I thought a little more about the problem and the only simple solution I see would be that any entity (Tagger, etc.) that appears in the crawler's XML configuration file is a Java-bean (I think this is the way Heritrix does, using the spring framework?). In such a case, when loading the configuration file (i.e. unmarshalling it), an error would directly be raised by the marshaller if an entity's attribute is read in the XML config file and is not matched by a the corresponding getter/setter in the corresponding class... This would also simplify the writing of such "entities" by external developers, since there would be no more XML config reader/writer method to write(*), only getter/setter methods for all public attributes (and most IDEs - even Emacs - are able to generate those automatically now!).

(*) By the way, the other day, I was trying to write a URLFetcherTagger (idea being that when it reads a URL in a "fromField" - probably extracted from the current document.reference via another Tagger - and places the content of this webpage into a "destField"). When I tried to write such a Tagger, I wanted to reuse/extend the GenericFetcher so that I can benefit from its previous configuration (UserAgent, Get/PostMethod, Proxy, etc.), but I was not sure how to mix the multiple IXMLConfiguration: the one from GenericFetcher's and my own Tagger.

essiembre commented 8 years ago

Thanks for your ideas.

Your attempt at writing your customer tagger and reusing another one is one example why we have decided keep configuration purposely lose and not enforce any standard to do it (java bean, specific marshal, etc.). That gives you the flexibility you want to load things the way you want (at the expense of strong validation). For your specific example, you can pass the relevant XML snippet you read from the loadFromXML method to the same method on the GenericFetcher and that should be it. If you want an example of a class loading XML for other classes, you can look at the MultiCommitter class in the Committer Core project.

essiembre commented 7 years ago

This feature request is now implemented. Starting with the latest snapshot release, you will now get validation errors when there is anything wrong with your config. It goes from bad syntax to bad tag or attribute names, etc.

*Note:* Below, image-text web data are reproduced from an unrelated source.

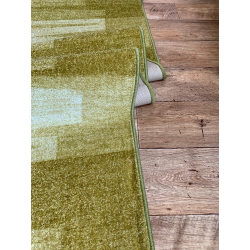 CHODNIK PODGUMOWANY Via Veneto 29 zielony 80 cm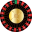 haruteq.com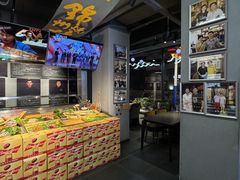 -锦州御烧烤·形象店(人民街店)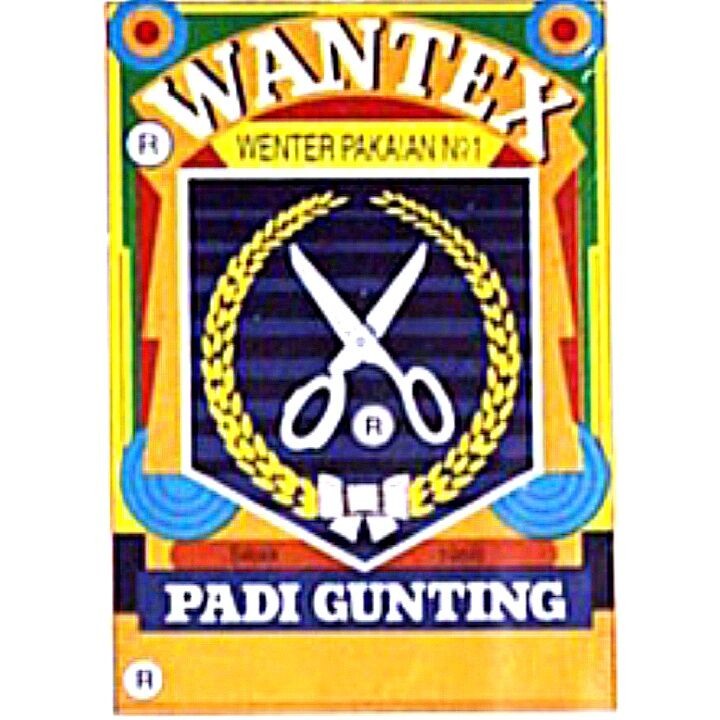 

pewarna kain wantex >>>>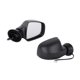 thumbnail image 1 of ESPEJO SANDERO 2010 al 2015 RENAULT Derecho/Pasajero POLYWAY ., 1 of 4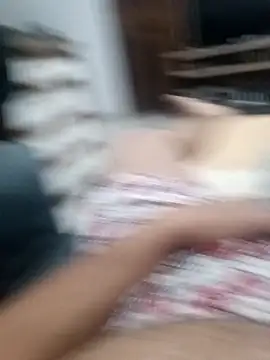 Snapshot of jayhzin chatting on 11-10-25, 11:48 jayhzin online show from 11-10-25, 11:48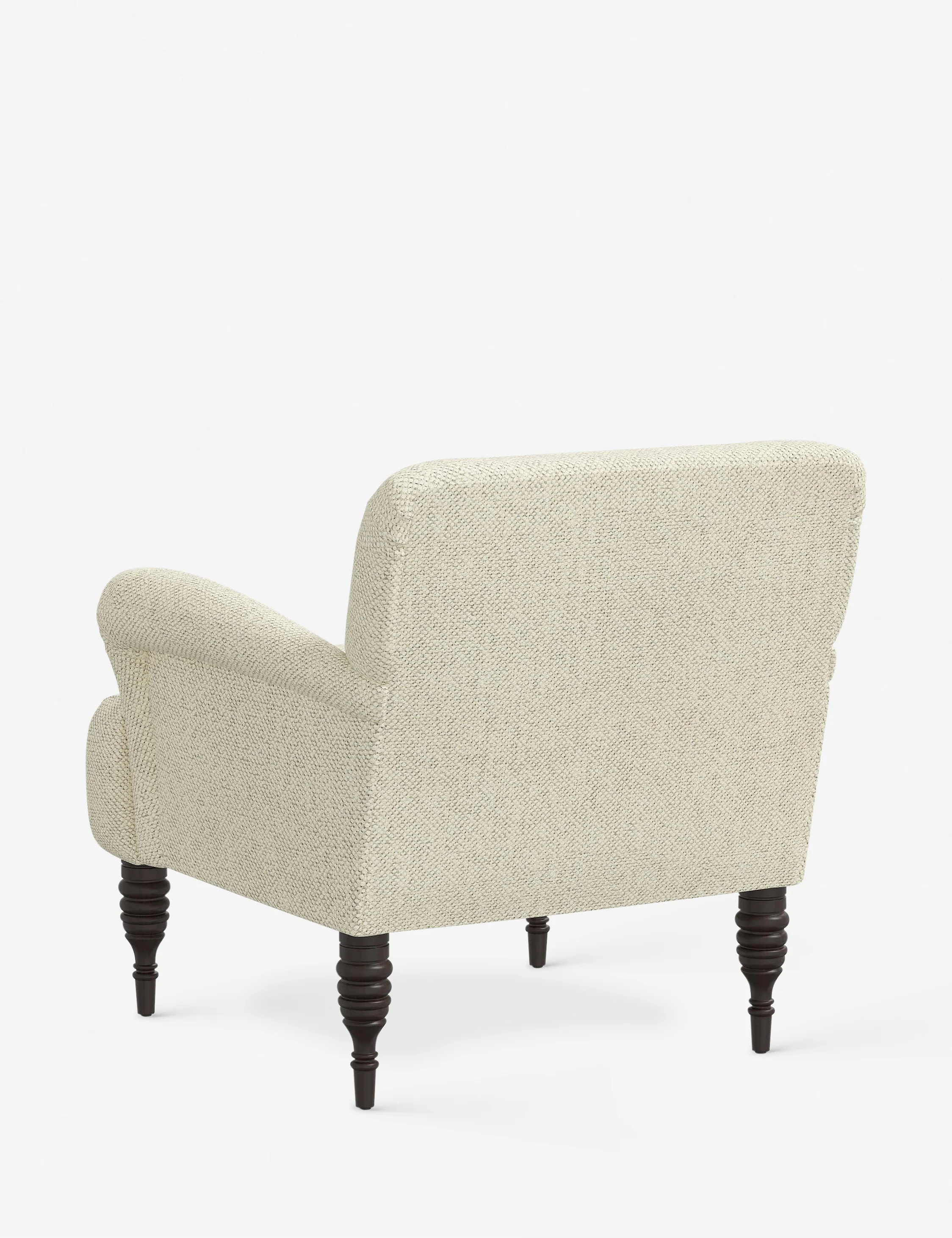 Vyolet Accent Chair - Image 150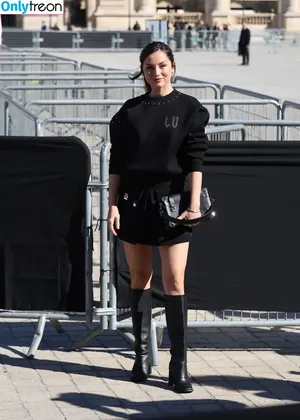 Ana De Armas / ana_d_armas / anadearmas nude photo #0876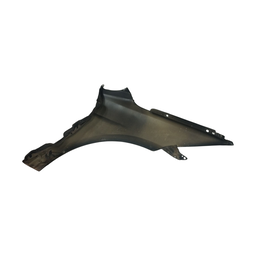 PARALAMA ESQUERDO ELANTRA 2012 A 2016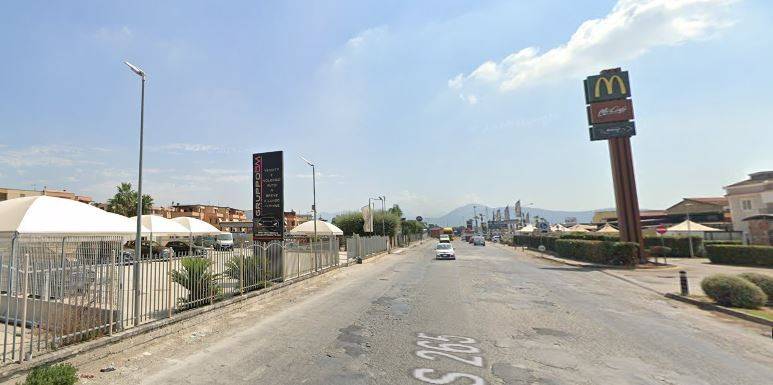 Immobile a Maddaloni in Via Forche Caudine - Foto 2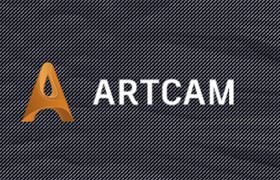 Autodesk ArtCAM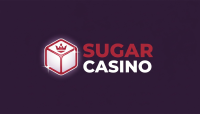 Sugar Casino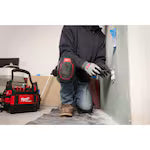 Milwaukee 48-73-6080, High Mobility Knee Pad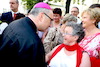 Bischofsweihe_Agape_Sonntagsblatt IMG_2362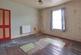 Additional image 8 of Helder Street, South Croydon, CR2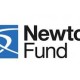 Fundo Newton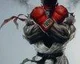 Capcom oznámil Street Fighter V s plnou konzolovou exkluzivitou pro PlayStation 4
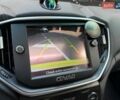 Зелений Мазераті Ghibli, об'ємом двигуна 2.98 л та пробігом 120 тис. км за 23990 $, фото 19 на Automoto.ua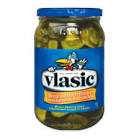 Pickles Mixtos Sevilla Real 660Gr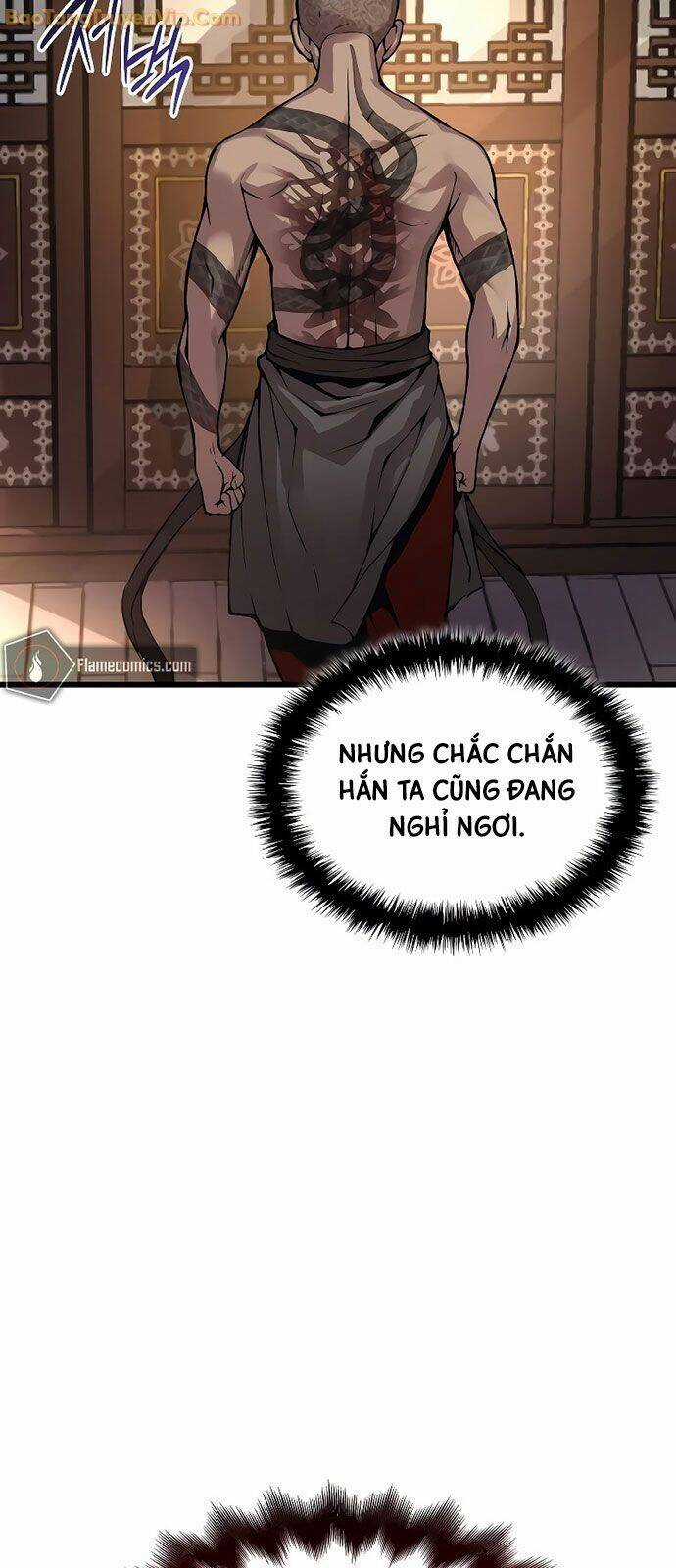 Quái Lực Loạn Thần Chương 54 trang 79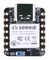 102010469 - Seeeduinio XIAO Sense Development Board, nRF52840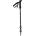 CAMP C. A. M. P. Туристически щеки C. A. M. P. Backcountry 3.0 Walking poles - Black - размер 67-135 cm (526-0804-0111)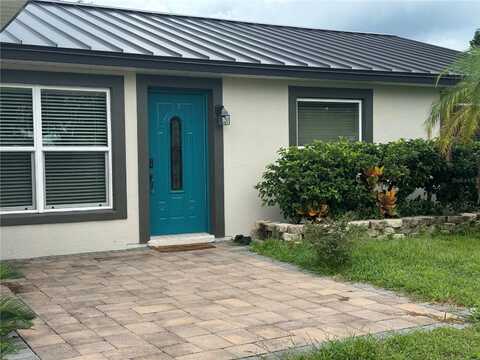 312 GARDENIA ROAD, KISSIMMEE, FL 34743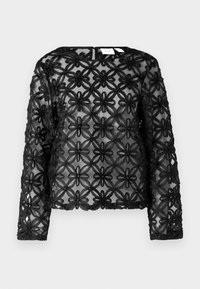 Δεν επιλέχθηκε, black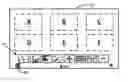 Fig. 01 - System and Method for a User Interface Display of an Agricultural Vehicle
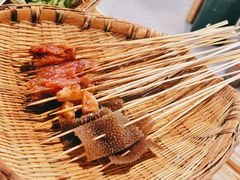 -玉林串串香·自助串串(崇文门搜秀店)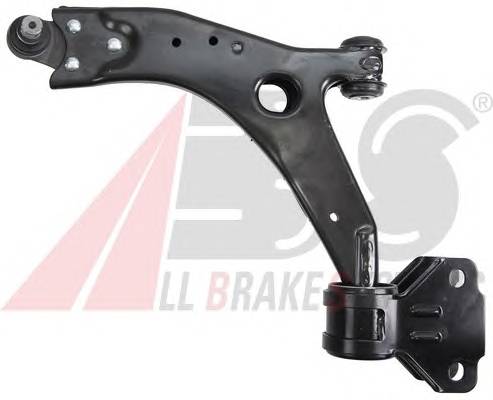 A.B.S. 211320 Рычаг независимой подвески...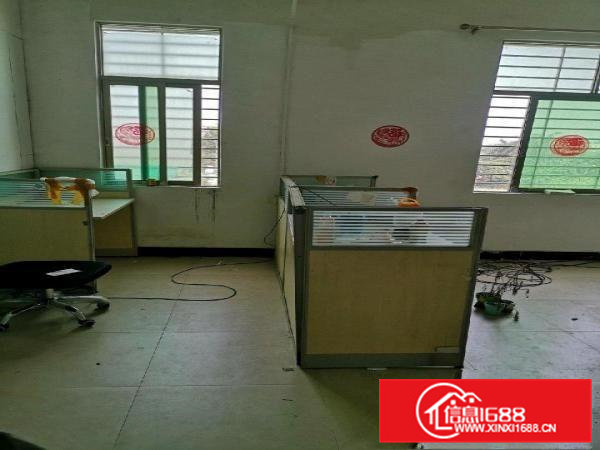 大朗镇:毛织厂房出租/价格便宜带装修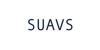 SUAVS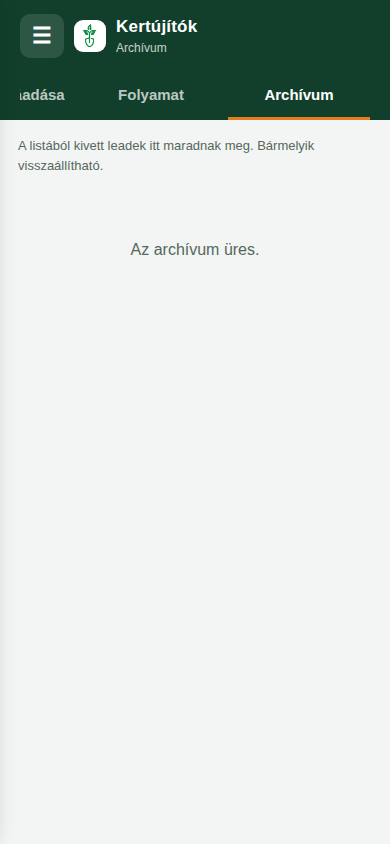 design-module-sections — mobile390-archive-fullpage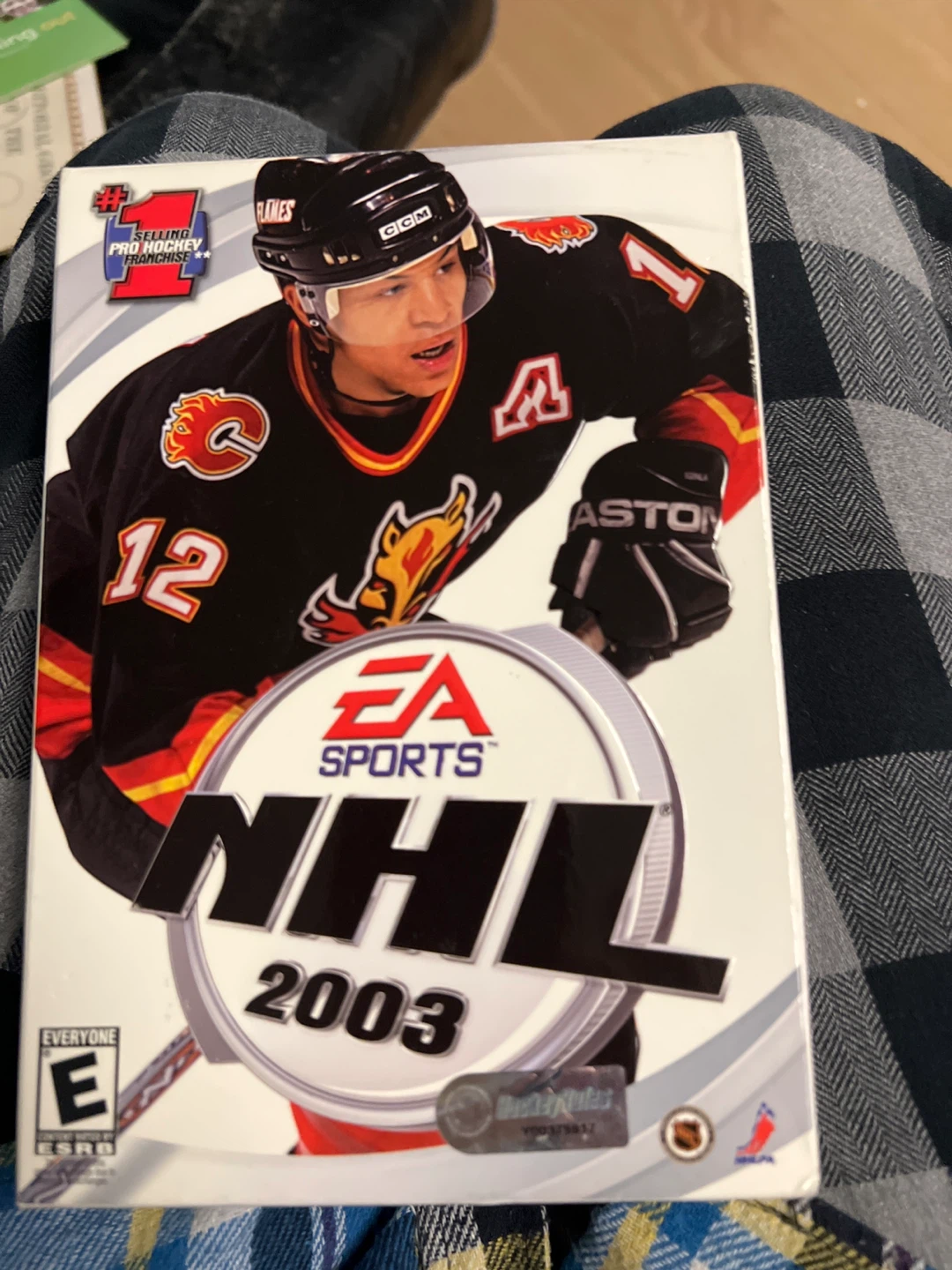 🧡PC Games.  EA Sports and other. Jan8 - photo 3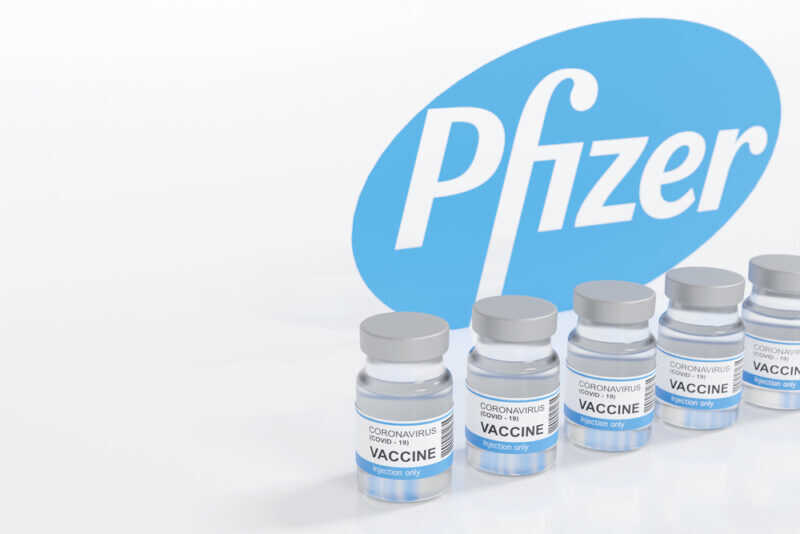 covid-vaccino-Pfizer-BioNTech-shutterstock-800x534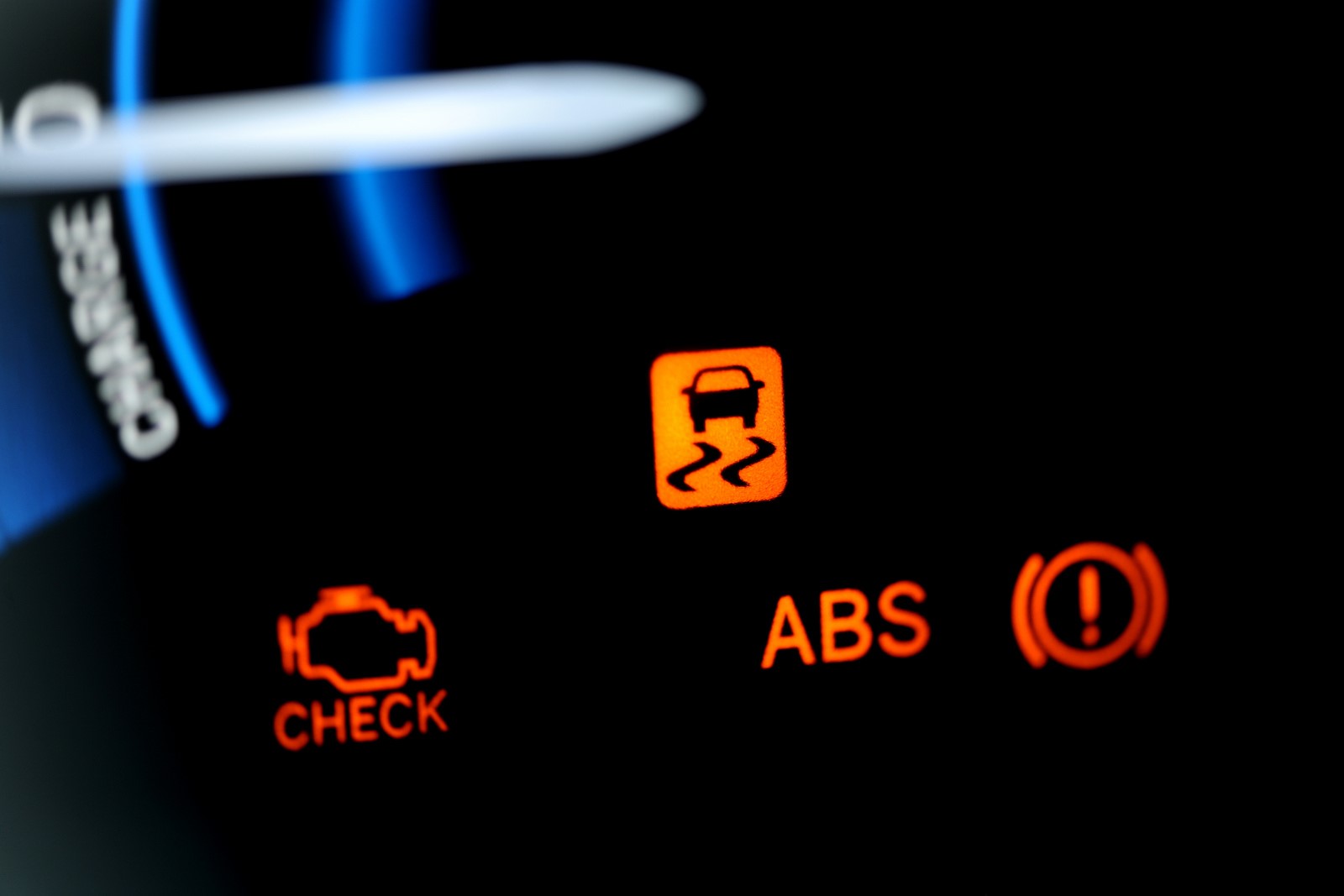 Gauteng Mobile Mechanics 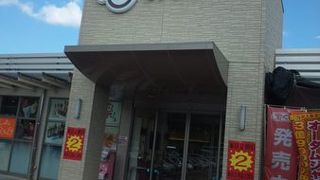 必ず休憩で立ち寄ります！！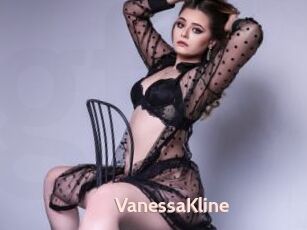VanessaKline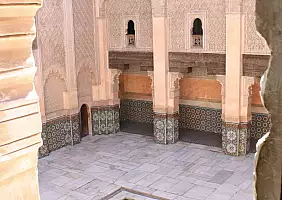 turistipercaso morocco-5j34r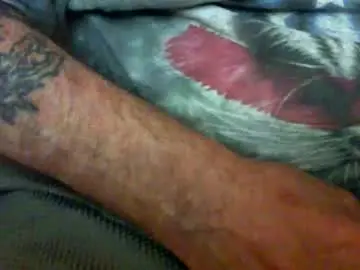 Chaturbate Sex Cam of swflbiguy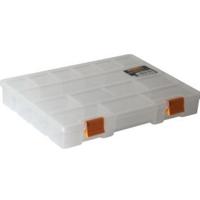 Assortimentsdoos Perel 276 x 203 x 42 mm OMRC11 - thumbnail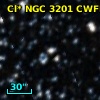 Cl* NGC 3201   CWFD  3-77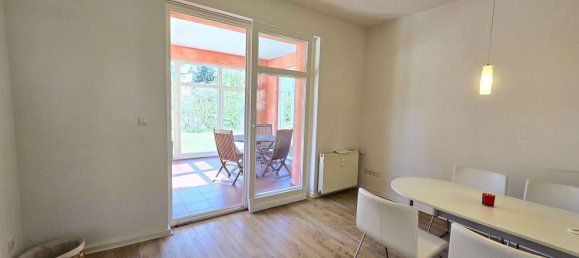 4غرفة منزل ذو طابقين في Oberhavel, Germany رقم 320932 4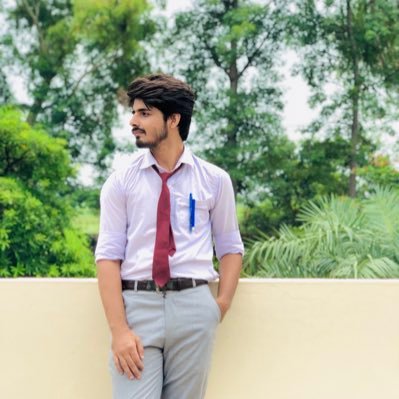 Jawadd_07's profile picture. 𝐃𝐞𝐯𝐞𝐥𝐨𝐩𝐞𝐫 | 𝐄𝐭𝐡𝐢𝐜𝐚𝐥 𝐇𝐚𝐜𝐤𝐞𝐫 ❗️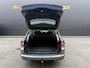 Renault Talisman Estate 1.5 dCi Zen|Automaat|Massage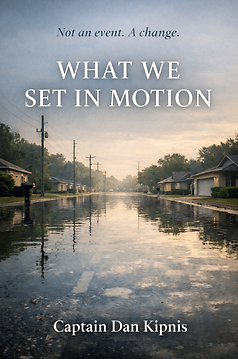 What We Set In Motion Cover Art.png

You can now supply the -k flag (or --checkcfg) with your -c (or --config) flag and configuraiton validation will be performed without actually executing. Example:

importer.sh -c myconfig.xml -k

If you combine -k with -i, it won't execute if there are validation errors.

This new flag is available to HTTP Collector and Filesystem Collector as well.

If you have a chance please give it a try and confirm.

liar666 commented 7 years ago

Thanks a lot, that's a very useful feature!